Sunday, February 24, 2008

Financial Price Change Distributions 2

One index I never trade in is probably the most widely known index, the Dow Jones Industrial Average (^DJI) AKA the Dow 30 or just 'Wall Street'.

The reason I avoid it is because it is an average over the share price of each composite company. Each company's share of the index is not weighted by market capitalisation as is the norm for most other indexes. This means that a relatively small company's price can go up say 10% but cause the index to go up by a disproportionate amount. E.g. say it causes the index to rise by 2% but that the company is miniscule compared to the other 29 in the index. The overall market cap of those 30 companies has not risen by anything like 2%.

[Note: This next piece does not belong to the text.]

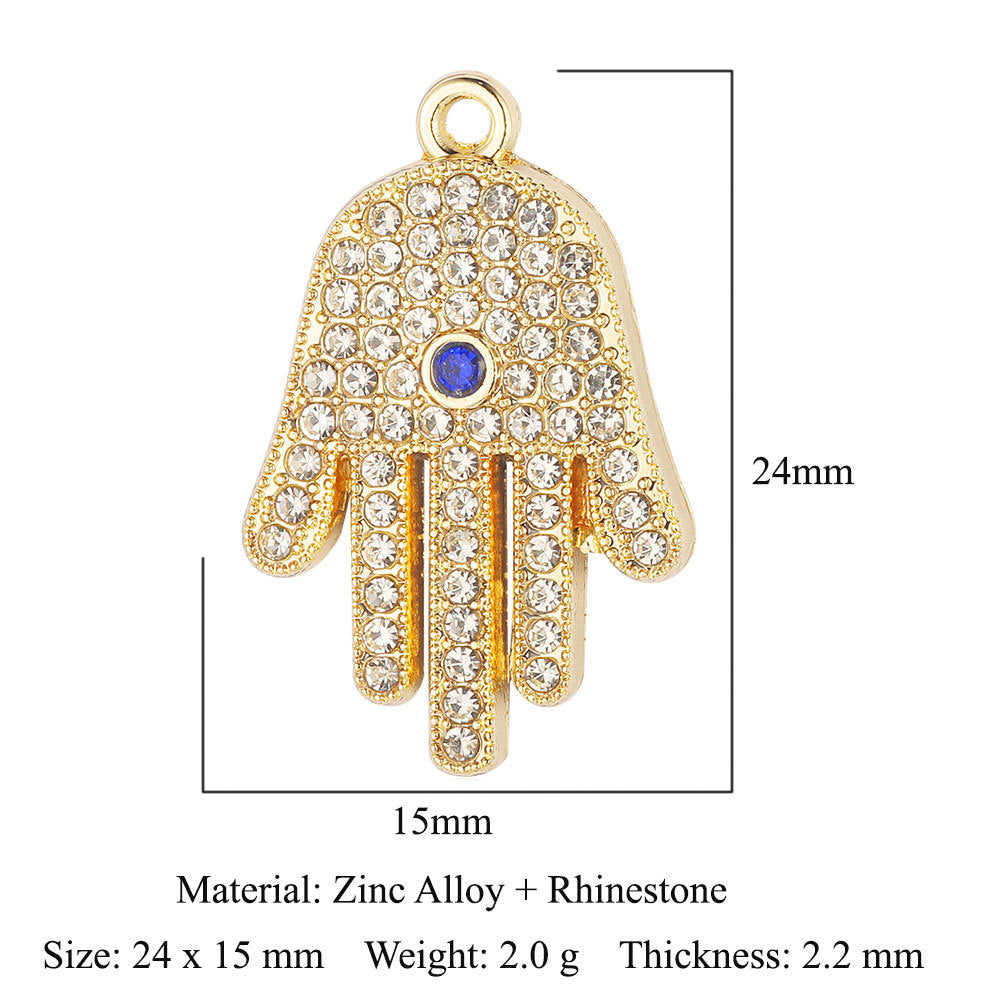 Snowman Elk Smiling Face Alloy Sun Eyes Pendants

This oddity has always led me to believe there will always be a greater degree of randomness in the Dow than most other indices, and possibly some weird dynamics unique to the Dow (hmm, maybe there could be something to profit from there?) and thus to just avoid it in favour of some other large cap index such as the S&P 500. If the PE is high in the S&P 500 I feel a lot safer shorting it than I would the Dow, which I feel is more likely to spring a surprise on me, e.g. a small company (with a larger share than it's market cap warrants) posting strong results.

Following on from yeserday's post then, I was wondering if this oddball index exhibits a distribution curve significantly different to market cap weighted indices. Here is a graph comparing the daily percentage price change distributions for the Russell 2000, The Dow and the S&P500. For comparison the frequencies for the Russell 2k and the S&P are scaled up to match the DOW at its peak.

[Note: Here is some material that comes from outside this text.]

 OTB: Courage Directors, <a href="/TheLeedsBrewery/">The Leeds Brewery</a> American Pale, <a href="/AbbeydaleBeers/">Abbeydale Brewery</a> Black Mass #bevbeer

And let's have a peek at one of the tails.

Note that the blip in the Dow at about -22% is from the crash of 1929.

I did wonder if the extra random element (the arbitrary weighting) in the Dow would make it's curve a bit more gaussian, apparently not. Of course there is potentially a significant effect from the buying and selling of the Dow directly, through various derivatives. If we were to take 30 random companies from the S&P 500 and construct our own unweighted index using historic data would that index still have a Levy Skew alpha-stable distribution?